> WHAT IS NEEDED:
Give back, word for word, the line that contains "Electric Sonic Dental" and every line that follows it in the data below.

[STORED DATA — start]

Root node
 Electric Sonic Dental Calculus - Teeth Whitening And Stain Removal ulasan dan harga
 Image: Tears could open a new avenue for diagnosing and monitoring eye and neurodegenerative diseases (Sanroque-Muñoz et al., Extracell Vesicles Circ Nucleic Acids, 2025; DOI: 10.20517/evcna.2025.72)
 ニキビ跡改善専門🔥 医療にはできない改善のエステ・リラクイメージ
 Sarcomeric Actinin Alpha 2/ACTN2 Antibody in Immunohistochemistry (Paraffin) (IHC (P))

[STORED DATA — finish]

> TASK RESPONSE:
 Electric Sonic Dental Calculus - Teeth Whitening And Stain Removal ulasan dan harga
 Image: Tears could open a new avenue for diagnosing and monitoring eye and neurodegenerative diseases (Sanroque-Muñoz et al., Extracell Vesicles Circ Nucleic Acids, 2025; DOI: 10.20517/evcna.2025.72)
 ニキビ跡改善専門🔥 医療にはできない改善のエステ・リラクイメージ
 Sarcomeric Actinin Alpha 2/ACTN2 Antibody in Immunohistochemistry (Paraffin) (IHC (P))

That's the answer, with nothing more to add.